# PROBLEM:
Find the "پانسیون Casa Florea" line in the records below and repeat it and every later line exactly, up to the last; do not include pictures.

[Records excerpted from a collection]
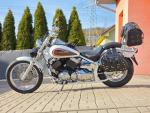 Klikněte pro detailní foto č. 8 - Yamaha XVS 650 DragStar, brašny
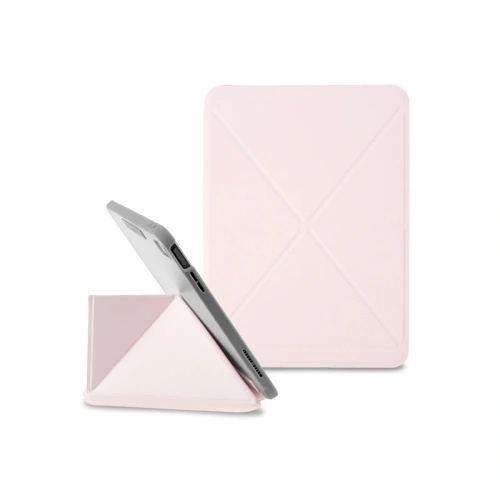 Buy Moshi VersaCover Apple iPad 10.9 2022 (10 gen) (Sakura Pink) - MOSH298 - {ean13} - Home Screen Store Europe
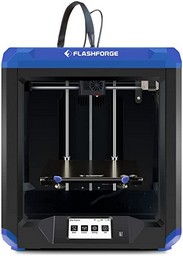 FlashForge Artemis 3D Printer - Blue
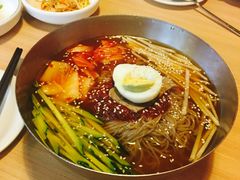 -土大力韩式烤肉料理(和平路店)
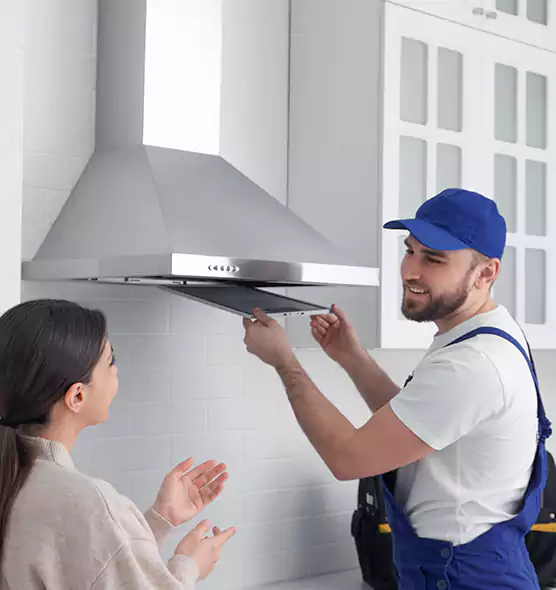 Professional Dryer Vent Cleaning Service in Brigham City, UT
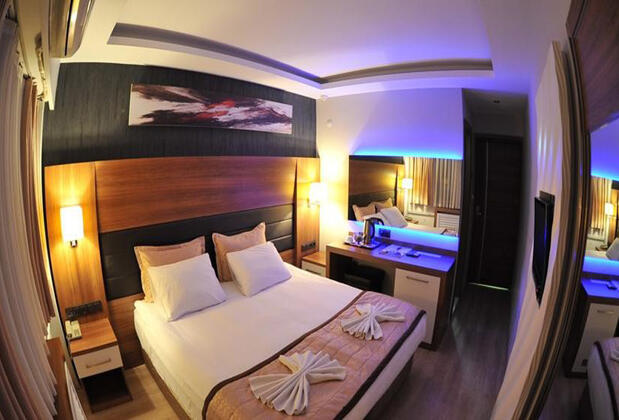 Kabaçam Otel Aydın - Görsel 9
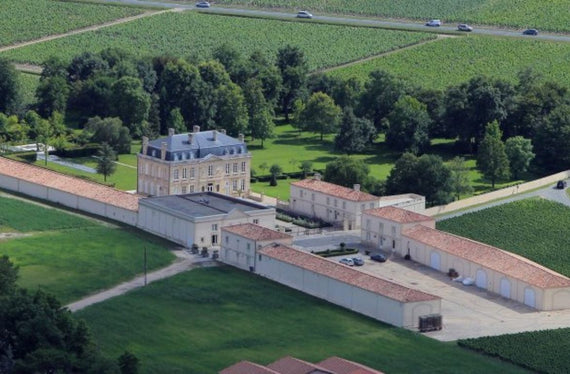 Château Labégorce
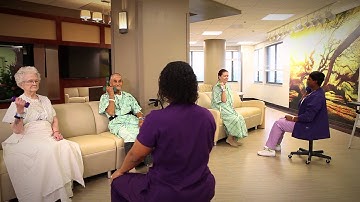 ‪"Ace Unit B" for OakBend Medical Center, Bluwave Productions Producer Wes Gunn‬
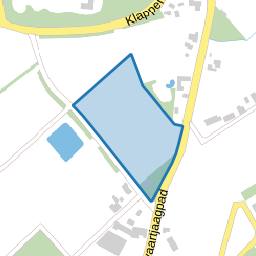 Perceel ETN01-Q-2034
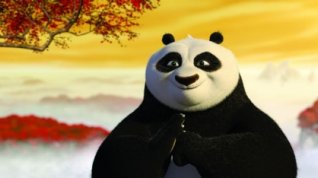 Online film Kung Fu Panda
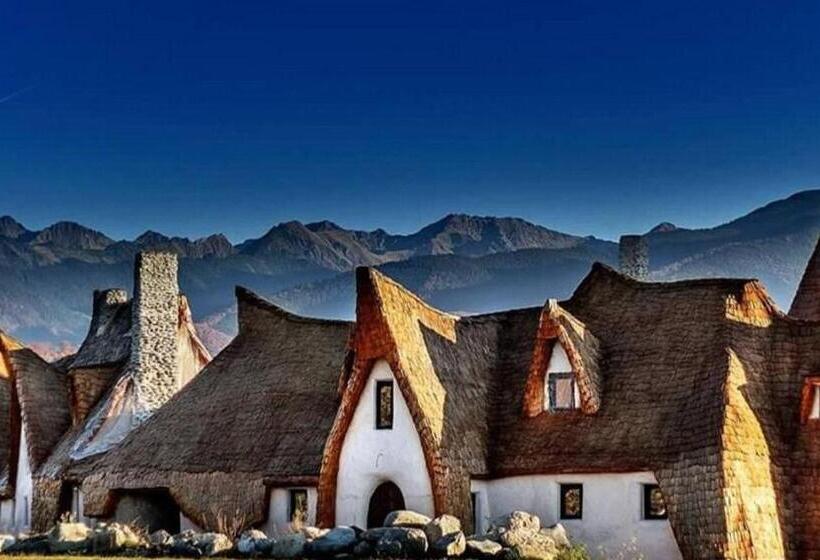 پانسیون Casa Florea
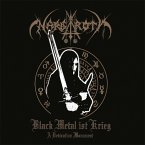 Black Metal Ist Krieg (Digipak)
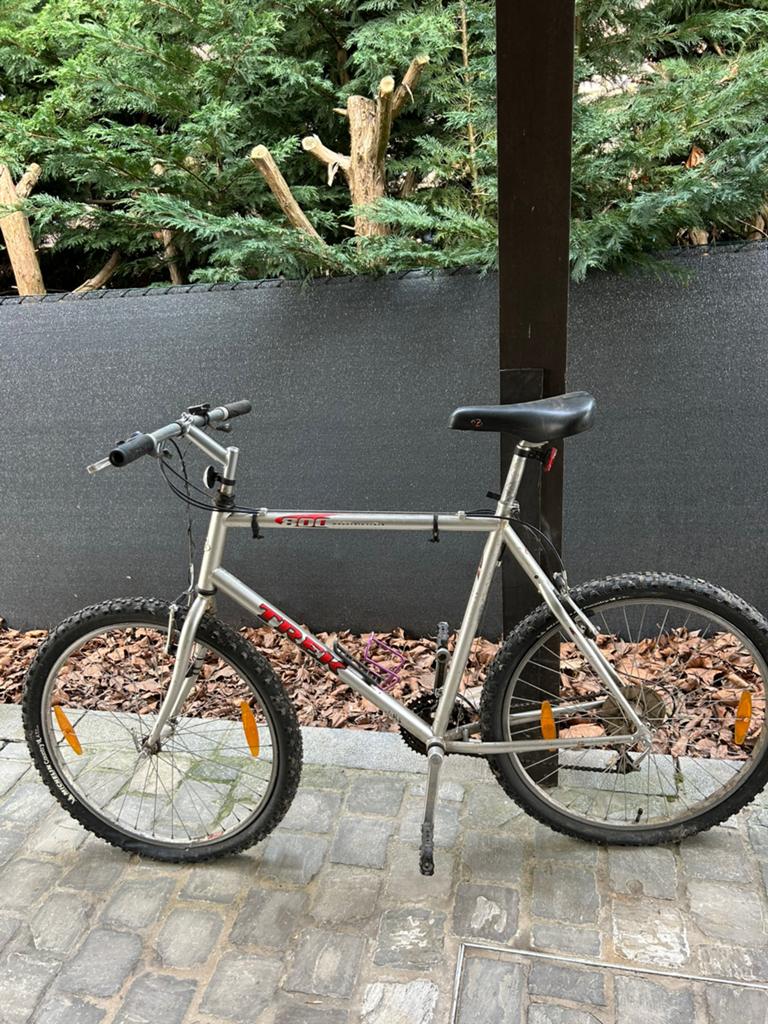 Velo trek, Autres marques, Frein à tambour, Enlèvement, Utilisé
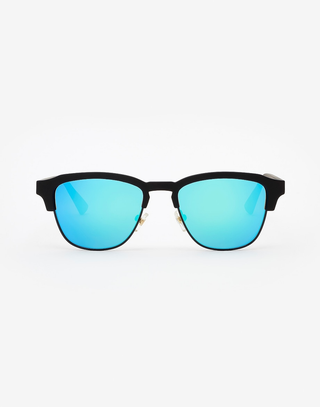New Classic - Polarized Clear Blue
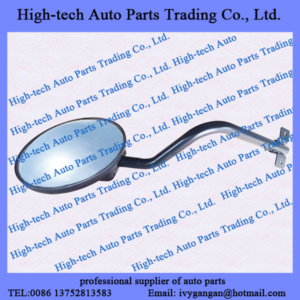 XCMG HANVAN G7 truck spare parts CAMION 82WLAM111-19210 front down mirror RETROVISEUR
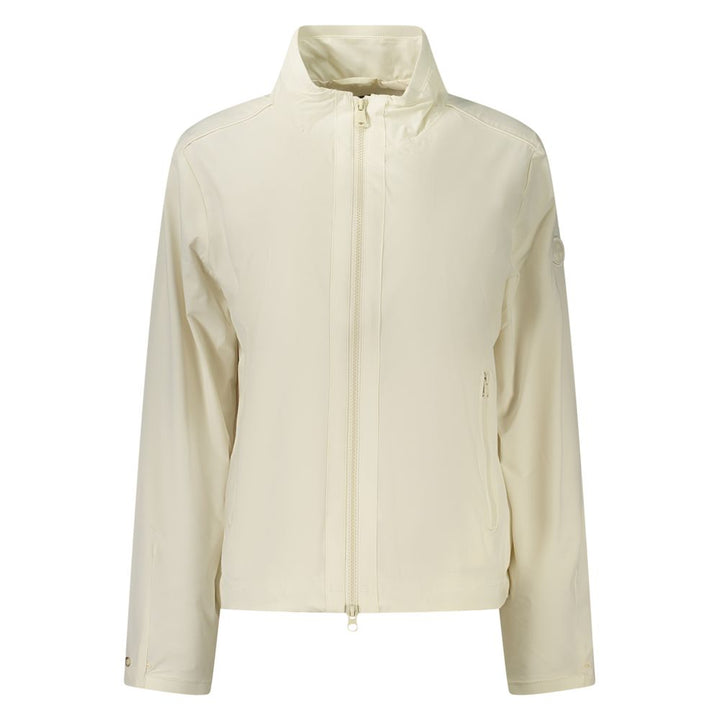North Sails White Nylon Women&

# SOLVED EXERCISE:
 پانسیون Casa Florea
 Black Metal Ist Krieg (Digipak)
 Velo trek, Autres marques, Frein à tambour, Enlèvement, Utilisé
New Classic - Polarized Clear Blue
 XCMG HANVAN G7 truck spare parts CAMION 82WLAM111-19210 front down mirror RETROVISEUR
North Sails White Nylon Women&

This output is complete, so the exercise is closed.